Walking to School

Is it just me, or are very few kids walking to school these days compared to when we Boomers grew up?

The school situation in Bentonville, Arkansas has been whacked at least since my kids were in school. We’ve had a population explosion here for thirty years and perennially have too few seats in the classrooms. Not only that, my kids weren’t allowed to attend the elementary school close to my house. Instead, they had to ride a bus to one several miles away.

Shades of forced busing to achieve integration!

The truth be told, we probably would not have let them walk to school anyway, at least until they were older. Too many sleazeballs out there looking to prey on kids these days.

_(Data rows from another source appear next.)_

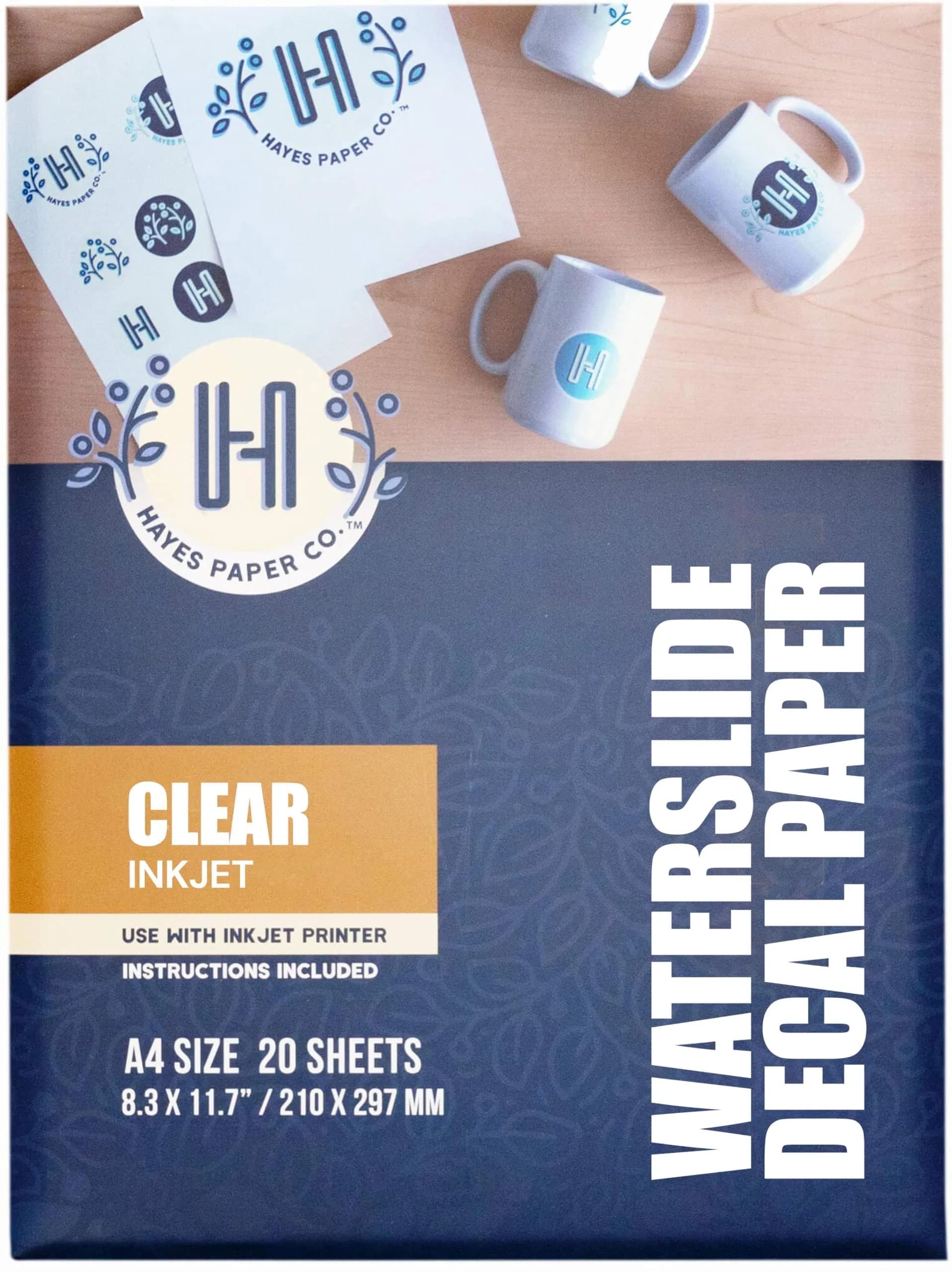 Hayes Waterslide Decal Paper for Inkjet Printers 20 Clear A4 Sheets | Quick Dry, Strong Adhesion, Easy Application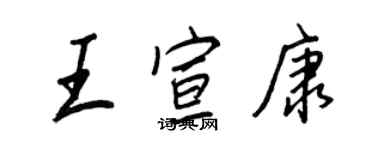王正良王宣康行書個性簽名怎么寫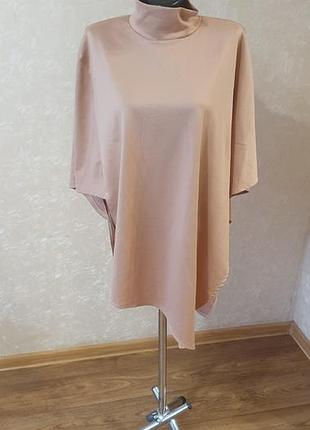 Асиметричне пончо-накидка з високим горлом sewing lab. (розмір l/xl)
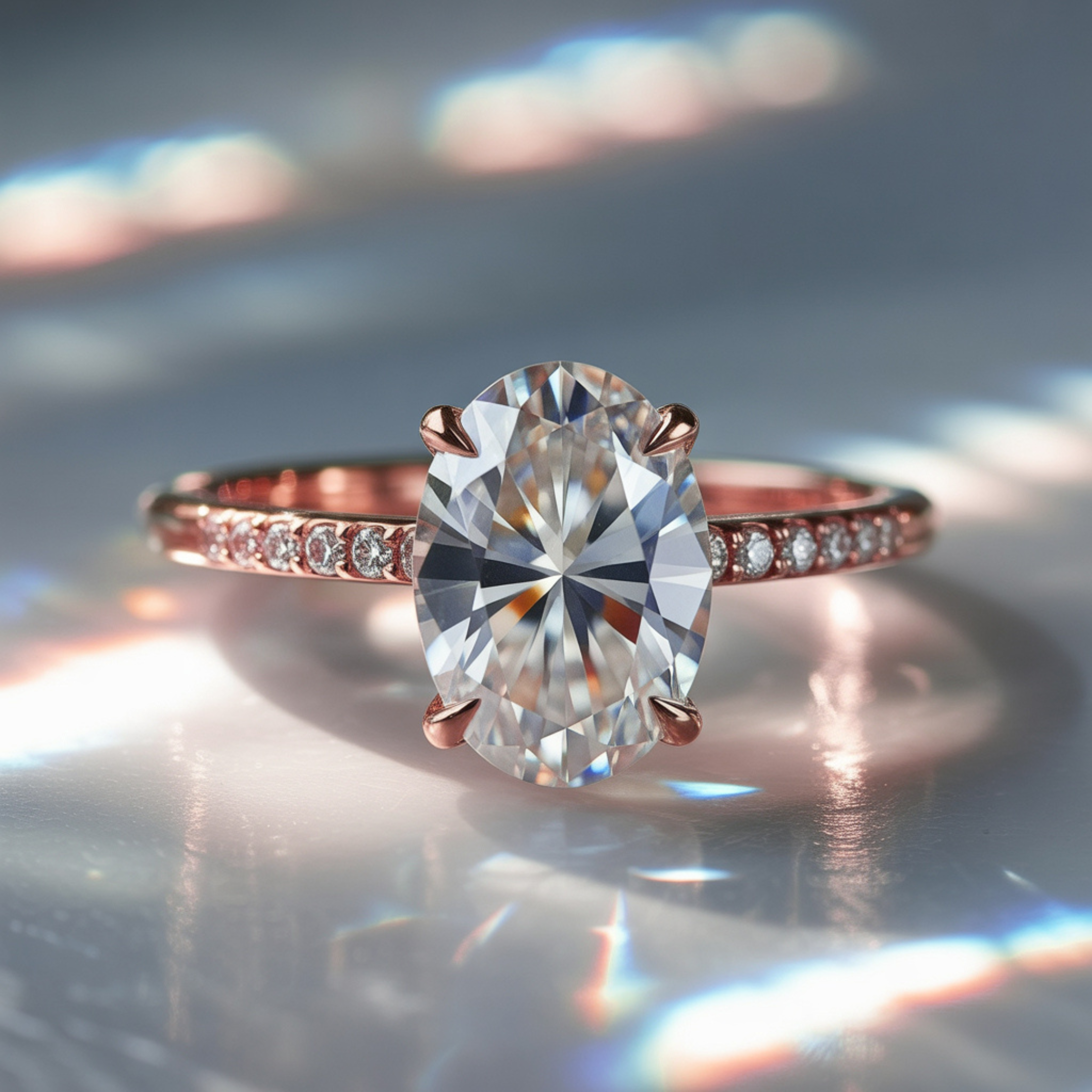 オパライン 1CT モアッサナイトリング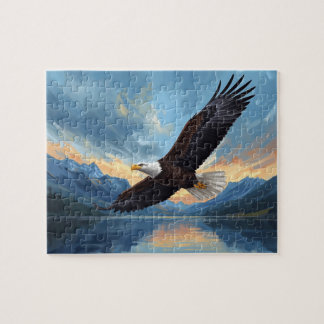 Puzzle Arte del atardecer en lago de montaña con águila c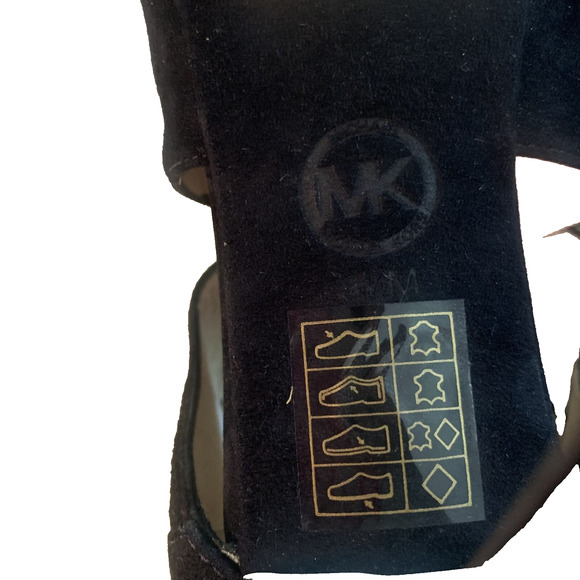 MICHAEL KORS ELENA CROSS STRAP BLACK SUEDE HEELS 8.5M- EUC -WORN ONCE! - Picture 11 of 14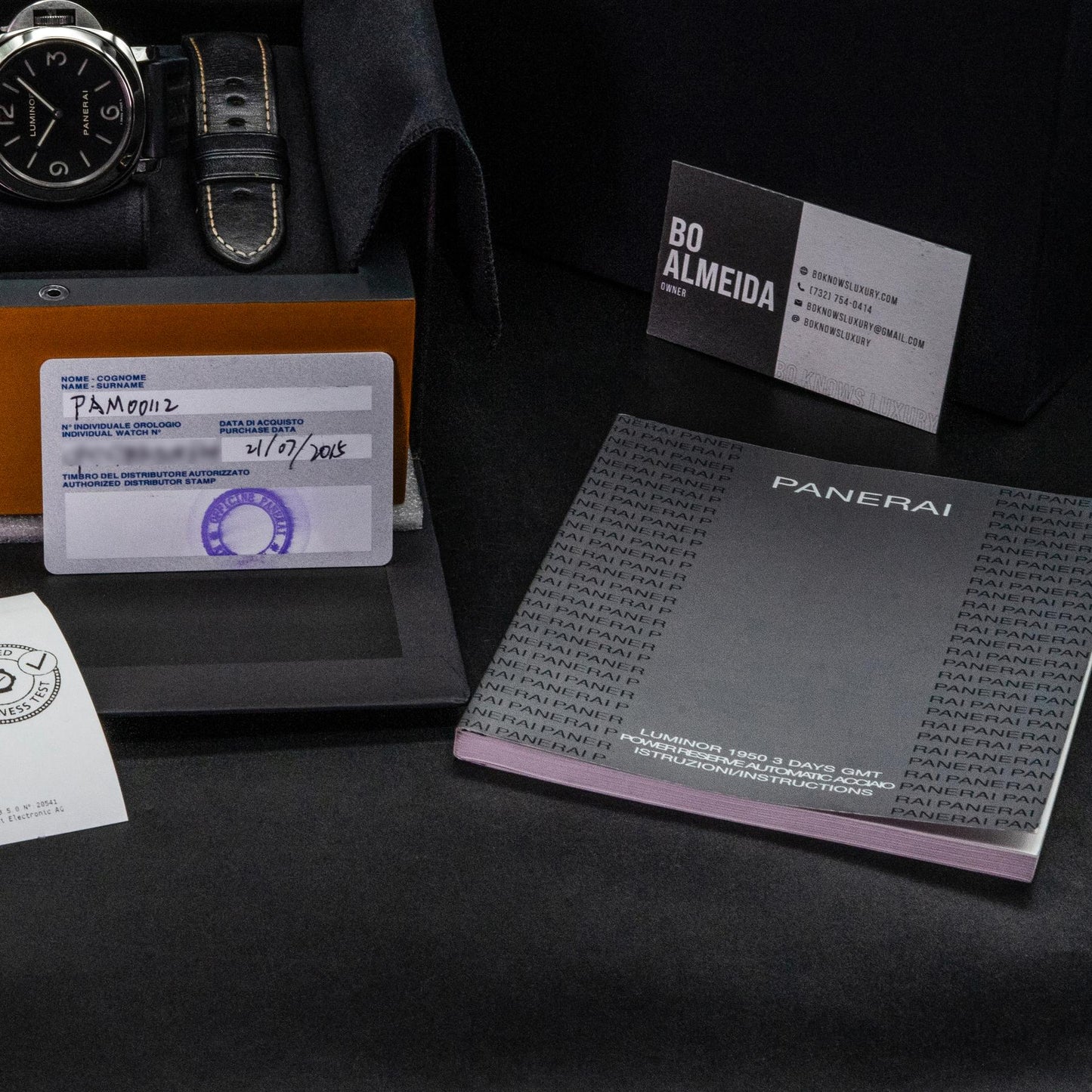 Panerai Luminor Base PAM00112 44mm Black Dial Manual Wind Box Papers 2015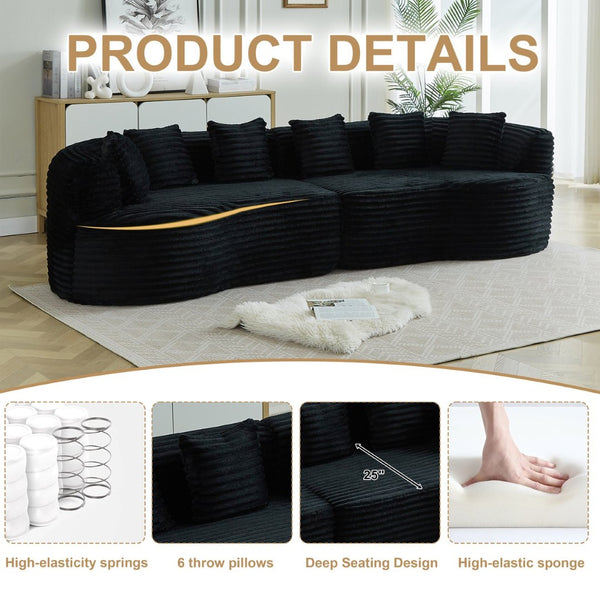 English Elm Curved Chenille Sectional Sofa Deep Seat Cloud Cushions Four Seater Modern Living Room Black W3505P456572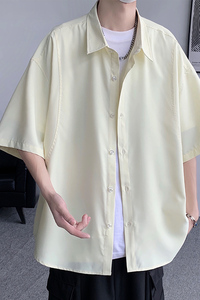 11色选美式休闲2024夏季新宽松纯色短袖衬衫男情侣大码Y461P35特图片
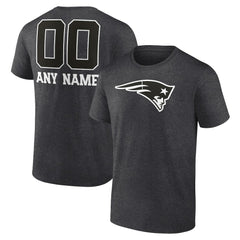 New England Patriots Personalized Name & Number Monochrome T-Shirt - Charcoal discount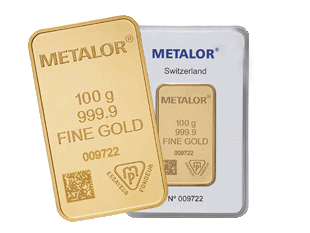 Metalor 100 Grams Gold Bar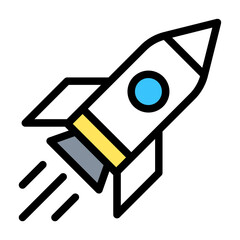 Rocket Icon Dynamic Design in Flat Line Color Style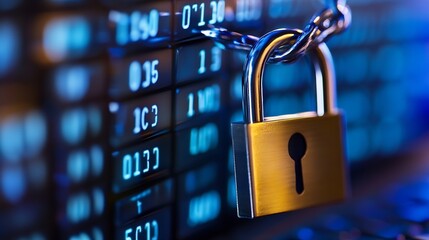 Aufkleber - Digital padlock chained to keyboard keys representing electronic security cyber protection and data privacy in modern technology world : Generative AI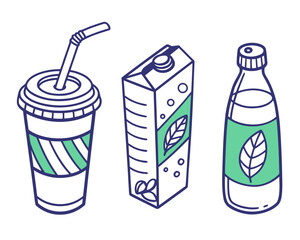 Three different types of refreshing drinks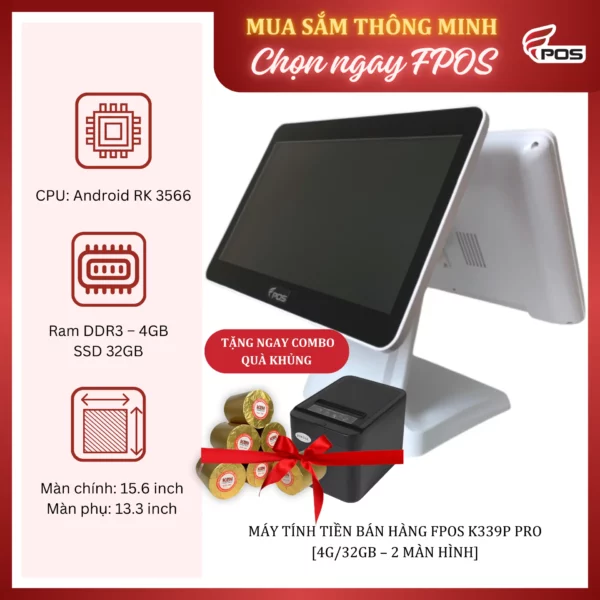 Máy tính tiền bán hàng FPOS K339P Pro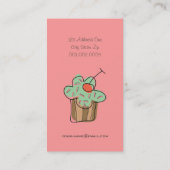 Chic Mint Cherry Cupcake Süßbäckerei Dessershop Visitenkarte (Rückseite)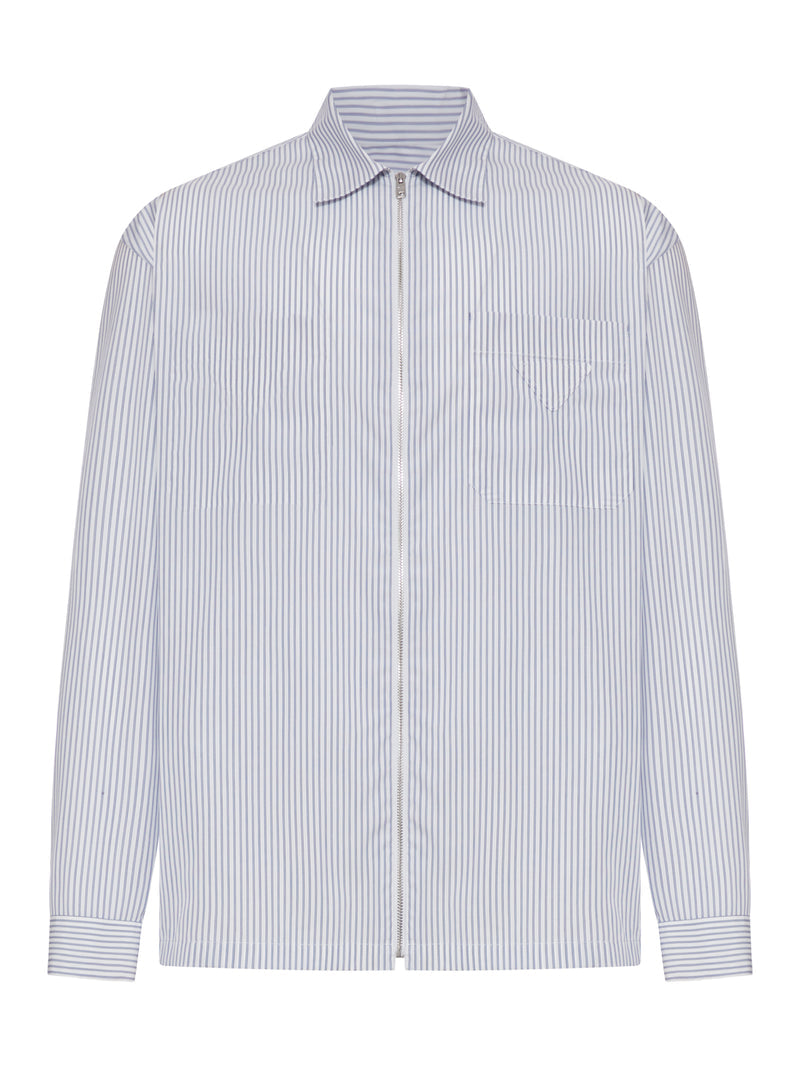 Prada Men Cotton Poplin Shirt With Striped Pattern PRADA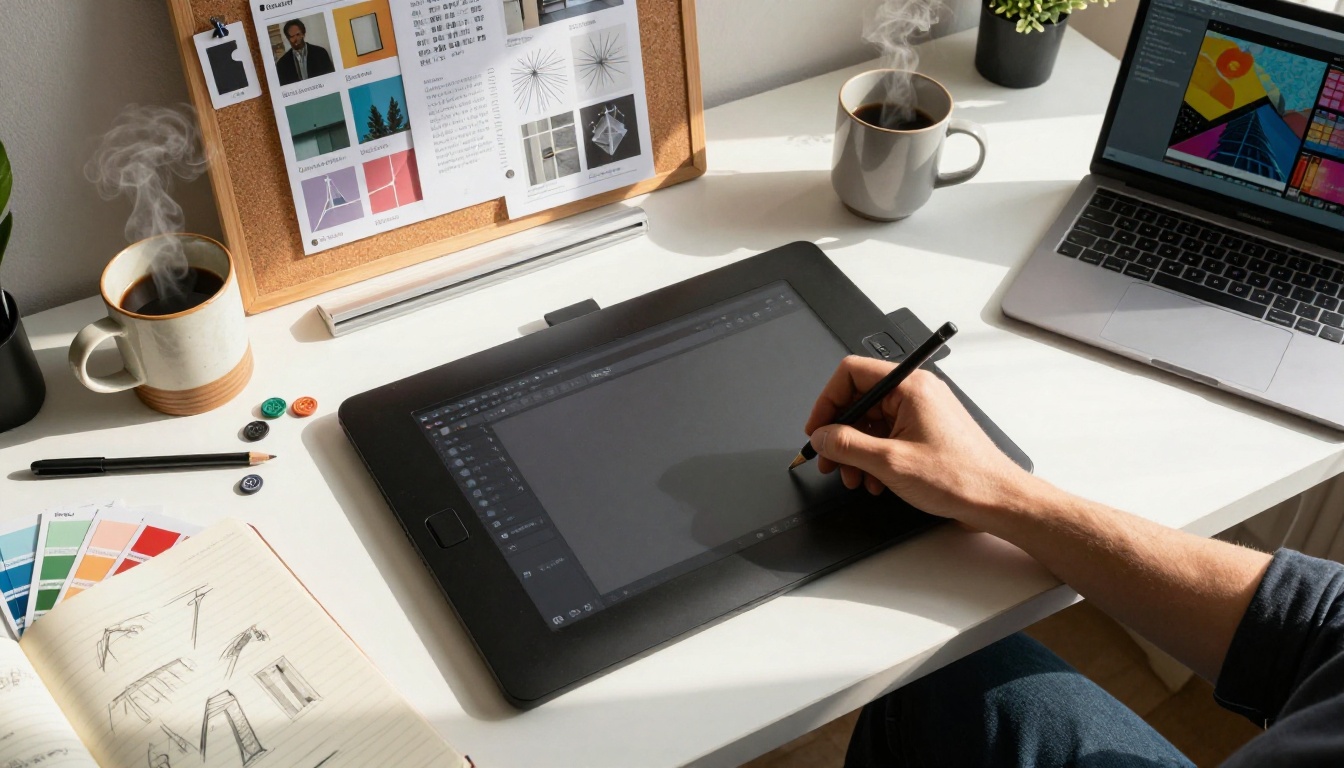 Aerial overhead view of a creative designer's organized desk with graphics tablet, color chips, notebook sketches, and laptop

But in my hometown of Miami, Oklahoma so many years ago, the only kids who rode schoolbuses were the ones who lived in rural areas.

My own walk to school was about a mile. I would traverse alleys to get there, making friends with the neighborhood dogs in the process. They would eagerly greet me as I walked by at precisely the same time every morning.

In fact, if I close my eyes, I can envision nearly every step of the daily trek. Sometimes my slightly-better-than-normal memory scares me.

I also rode my bike to school a lot, a Sting Ray knockoff. The bike rack in front of Nichols School would be full of colorful banana-seaters, as well as a few odd traditional bikes ridden by the less fortunate.

Rain was a year-round threat in the midsouth. So sometimes the bike would have to go in the trunk for a ride home with mom. Of course, the trunk on a Fury III was big enough for three or four bikes.

Mom was a schoolteacher herself, and had to be at the other grade school in town early. So when the weather was bad in the mornings (or when I just wanted a break from walking), I would ride with the kids who lived across the street. I remember they had a big Buick LeSabre whose name I had a hard time pronouncing. It went against all of my training in phonics.

In all, I walked to kindergarten and school for four years before our move to rural southwest Missouri. But I have many, many memories of mini-adventures on the way while walking to and from Nichols Elementary so many years ago.